個体名:ブルー(魔王) レベル50 MP2000


種族名:水竜神  


性質:魔


スキル:身体強化レベルMAX、水撃レベルMAX(15)、水魔法レベルMAX

竜鱗レベルMAX、水操作レベルMAX(15)、龍撃レベル3


パッシブスキル:水竜神、水撃強化、竜強化、以心伝心、主従(従)


 あれ、ライオスより強いかも。 

 このスキルが全部僕に加算されると思うと、少し怖い。

 

 「ブルー、自分で服作れないかな?」

 「この肌を隠せばいいのかしら?」

 「うん、頼むよ」


 すると青が白いシャツと短パン、そして黒のハイソックスを着た。

 

 「それはどうやったの?」

 「ん? これは竜鱗ドラコメイルだよ。
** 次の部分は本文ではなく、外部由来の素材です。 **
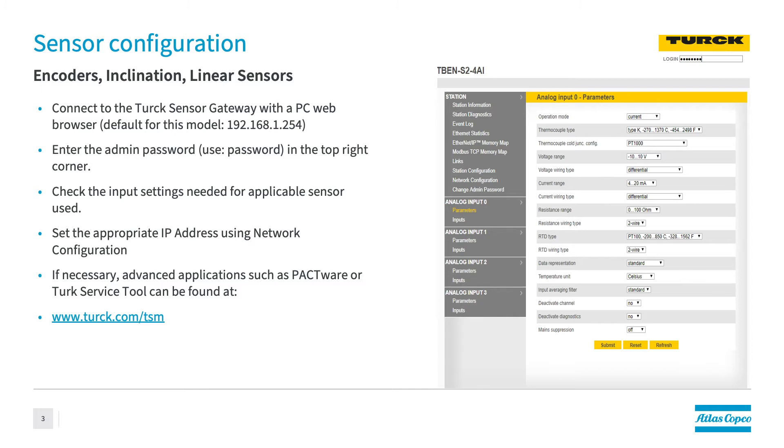On the first screen that you see, you're going to have a couple key things that you have to go in and do. For operation mode, you're going to make that current. As you follow down, you're going to put input averaging filter as standard and deactivate channel no. Once you've completed these three steps, you're going to go into network configuration.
どお? かわいい?」


 クルッと回って全身を見せてくれた。

 これが鱗だとはとても思えない。

 妹二人もおーっと言って感心している。

 明るい子だけど、アラーアネみたいな感じじゃなくてよかったよ。


 「可愛い可愛い。じゃあ次は二人同時にやろうか」

 「「はーい」」


 結構呑気に時間を使ってたけど、意外と時間がない。

 3姉妹が魔神じゃないと確定した今、どうにかして生贄の儀式を中止させなきゃいけない。

 

 両手で「生命授与」を発動させ、二人に触れる。

 するとすぐに現れたのは赤髪長髪の貧乳美少女と、黄髪の巨乳美少女だった。

 髪色が違うからわかりやすい。


 「大丈夫そう?」

 「なんか変な感じー。でも小さい方が動きやすいかなー」

 「もう、寝てもいい?」


 ジョーヌは相変わらずだ。

 姿が人型になったのに、全く動じていない。

 そして姉同様に、同じような外殻を身に纏ってくれた。

 ちなみに、ウィンディは僕の首にずっとしがみついて何やら拗ねている。

 さっき無視されたのが嫌だったのかな?


 二人のステータスはブルーと大差なかった。

 でも、ジョーヌが「超剛撃」というパッシブスキルを持っていて、ルージュが「超高速撃」というパッシブスキルを持ってた。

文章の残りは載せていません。